Contrairement à la situation actuelle, où les militants sélectionnent les lieux de rassemblements selon des considérations symboliques, la stratégie d’échec en cascade nécessite un choix précis des cibles.

Justement (!), la matrice CARVER, un outil développé il y a plusieurs décennies par des gens qui s’y connaissent en matière de stratégie, permet une meilleure sélection des cibles :

  • Criticité : Quelle est l’importance de l’élément pour le système ?
  • Accessibilité : Est-il facile d’atteindre l’élément ?
  • Récupérabilité : À quel point le système peut-il reprendre rapidement et facilement ses fonctionnalités après avoir endommagé l’élément ?
  • Vulnérabilité : Est-il facile d’endommager l’élément avec les tactiques et armes disponibles ?
  • Effet : Quels sont les effets secondaires indésirables pouvant être entraînés ?
  • Reconnaissabilité : Est-il facile d’identifier la cible dans des conditions défavorables, telles qu’une nuit sombre et pluvieuse ?

La plupart des contestataires, légaux comme illégaux, ont jusqu’à présent choisi des cibles accessibles et vulnérables.
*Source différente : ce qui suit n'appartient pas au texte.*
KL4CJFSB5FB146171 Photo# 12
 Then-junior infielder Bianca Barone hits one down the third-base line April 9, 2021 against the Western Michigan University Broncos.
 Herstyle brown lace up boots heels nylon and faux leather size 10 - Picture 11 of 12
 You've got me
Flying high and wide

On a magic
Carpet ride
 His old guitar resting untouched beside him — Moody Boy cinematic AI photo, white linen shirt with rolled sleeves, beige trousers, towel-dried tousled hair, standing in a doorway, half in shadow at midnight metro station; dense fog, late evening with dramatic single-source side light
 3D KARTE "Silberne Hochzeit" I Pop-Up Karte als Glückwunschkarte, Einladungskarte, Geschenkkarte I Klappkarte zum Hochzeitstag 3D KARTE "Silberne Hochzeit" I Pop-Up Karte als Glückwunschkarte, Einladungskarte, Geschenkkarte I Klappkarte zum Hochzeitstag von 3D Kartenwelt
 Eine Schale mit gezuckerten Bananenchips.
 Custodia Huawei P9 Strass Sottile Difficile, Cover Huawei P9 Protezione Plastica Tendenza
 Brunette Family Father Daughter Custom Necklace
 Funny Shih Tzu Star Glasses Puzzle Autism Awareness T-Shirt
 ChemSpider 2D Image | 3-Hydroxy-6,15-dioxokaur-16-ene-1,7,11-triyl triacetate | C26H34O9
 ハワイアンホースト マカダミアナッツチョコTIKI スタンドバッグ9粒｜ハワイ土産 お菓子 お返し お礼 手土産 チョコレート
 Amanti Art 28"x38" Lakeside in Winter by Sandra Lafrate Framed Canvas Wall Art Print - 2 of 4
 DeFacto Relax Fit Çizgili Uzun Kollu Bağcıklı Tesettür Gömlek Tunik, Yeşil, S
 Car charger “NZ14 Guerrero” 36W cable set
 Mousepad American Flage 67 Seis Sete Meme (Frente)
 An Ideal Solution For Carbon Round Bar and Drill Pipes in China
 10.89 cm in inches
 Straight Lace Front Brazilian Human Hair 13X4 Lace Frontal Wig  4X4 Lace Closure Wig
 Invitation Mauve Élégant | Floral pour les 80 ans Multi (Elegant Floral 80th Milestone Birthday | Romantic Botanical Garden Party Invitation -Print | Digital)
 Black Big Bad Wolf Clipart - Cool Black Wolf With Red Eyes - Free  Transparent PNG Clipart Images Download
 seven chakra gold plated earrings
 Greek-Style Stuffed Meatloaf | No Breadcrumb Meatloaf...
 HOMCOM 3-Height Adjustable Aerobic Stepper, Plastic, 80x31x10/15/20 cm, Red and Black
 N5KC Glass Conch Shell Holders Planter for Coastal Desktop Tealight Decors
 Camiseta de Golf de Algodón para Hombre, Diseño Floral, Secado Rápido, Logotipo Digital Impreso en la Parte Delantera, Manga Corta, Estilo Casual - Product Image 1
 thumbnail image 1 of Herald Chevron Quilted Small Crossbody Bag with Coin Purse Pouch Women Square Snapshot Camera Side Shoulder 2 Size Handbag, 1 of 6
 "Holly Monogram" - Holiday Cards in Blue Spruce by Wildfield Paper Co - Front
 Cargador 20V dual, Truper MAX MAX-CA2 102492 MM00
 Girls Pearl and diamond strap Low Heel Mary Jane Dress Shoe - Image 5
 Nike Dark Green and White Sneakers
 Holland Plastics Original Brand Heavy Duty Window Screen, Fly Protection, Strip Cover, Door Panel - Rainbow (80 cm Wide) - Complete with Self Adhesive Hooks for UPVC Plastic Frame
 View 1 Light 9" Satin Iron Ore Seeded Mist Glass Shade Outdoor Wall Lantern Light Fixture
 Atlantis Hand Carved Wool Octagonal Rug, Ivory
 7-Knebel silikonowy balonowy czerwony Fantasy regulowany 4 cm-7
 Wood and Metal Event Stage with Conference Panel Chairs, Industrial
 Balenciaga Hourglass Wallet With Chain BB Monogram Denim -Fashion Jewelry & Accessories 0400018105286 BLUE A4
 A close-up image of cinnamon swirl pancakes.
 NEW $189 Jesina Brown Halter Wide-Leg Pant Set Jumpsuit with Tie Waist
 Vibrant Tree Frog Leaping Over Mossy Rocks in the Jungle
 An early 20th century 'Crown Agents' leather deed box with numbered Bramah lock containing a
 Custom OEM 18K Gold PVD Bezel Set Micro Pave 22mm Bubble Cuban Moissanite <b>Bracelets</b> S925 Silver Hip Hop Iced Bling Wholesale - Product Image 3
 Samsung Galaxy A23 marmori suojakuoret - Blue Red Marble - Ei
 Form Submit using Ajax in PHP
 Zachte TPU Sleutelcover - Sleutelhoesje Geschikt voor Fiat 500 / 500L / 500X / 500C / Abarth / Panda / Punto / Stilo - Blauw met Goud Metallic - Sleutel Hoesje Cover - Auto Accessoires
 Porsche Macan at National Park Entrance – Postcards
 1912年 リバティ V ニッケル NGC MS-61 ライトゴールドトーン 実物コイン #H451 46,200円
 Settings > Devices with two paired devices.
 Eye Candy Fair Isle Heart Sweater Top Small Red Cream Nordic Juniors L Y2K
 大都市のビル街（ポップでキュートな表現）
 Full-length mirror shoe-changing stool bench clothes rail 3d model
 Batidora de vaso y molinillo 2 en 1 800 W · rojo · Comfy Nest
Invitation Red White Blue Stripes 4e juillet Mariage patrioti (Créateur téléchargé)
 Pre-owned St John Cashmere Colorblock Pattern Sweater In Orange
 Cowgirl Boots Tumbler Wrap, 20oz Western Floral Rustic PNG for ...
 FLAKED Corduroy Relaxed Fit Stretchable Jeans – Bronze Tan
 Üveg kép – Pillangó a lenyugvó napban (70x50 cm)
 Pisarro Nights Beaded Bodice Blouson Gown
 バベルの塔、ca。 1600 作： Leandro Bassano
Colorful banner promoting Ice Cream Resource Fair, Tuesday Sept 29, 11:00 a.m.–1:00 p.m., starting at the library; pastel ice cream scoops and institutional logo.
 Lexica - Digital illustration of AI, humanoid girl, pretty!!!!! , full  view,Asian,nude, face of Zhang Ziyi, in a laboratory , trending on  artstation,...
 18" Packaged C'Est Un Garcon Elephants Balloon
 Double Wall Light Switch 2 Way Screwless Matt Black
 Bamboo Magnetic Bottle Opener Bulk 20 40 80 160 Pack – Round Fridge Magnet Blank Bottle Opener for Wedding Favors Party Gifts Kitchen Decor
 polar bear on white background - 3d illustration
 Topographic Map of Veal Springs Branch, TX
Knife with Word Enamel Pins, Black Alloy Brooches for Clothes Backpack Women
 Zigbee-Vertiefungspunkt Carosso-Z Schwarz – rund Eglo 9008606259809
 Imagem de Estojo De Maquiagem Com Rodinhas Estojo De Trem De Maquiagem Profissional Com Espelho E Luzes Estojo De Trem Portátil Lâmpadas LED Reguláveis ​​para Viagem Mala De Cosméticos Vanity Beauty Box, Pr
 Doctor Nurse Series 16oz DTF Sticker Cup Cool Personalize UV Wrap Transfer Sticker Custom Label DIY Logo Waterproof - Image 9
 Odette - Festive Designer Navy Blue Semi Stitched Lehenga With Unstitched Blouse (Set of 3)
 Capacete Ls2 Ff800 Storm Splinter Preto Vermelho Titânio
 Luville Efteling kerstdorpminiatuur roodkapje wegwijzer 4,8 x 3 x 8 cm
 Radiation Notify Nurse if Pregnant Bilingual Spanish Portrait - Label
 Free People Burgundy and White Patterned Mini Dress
Mais elles ne sont ni critiques ni difficiles à remplacer. Des militant.es, soucieux d’être efficaces, devraient penser selon les critères de la matrice CARVER dans le but de déclencher un échec en cascade. Ainsi ils comprendraient qu’il est préférable de bloquer le réseau énergétique que de manifester en centre-ville. Ils comprendraient que certains points faibles ne sont pas nécessairement où on le croit. Enfin, ils comprendraient qu’il est possible de changer le cours de l’histoire.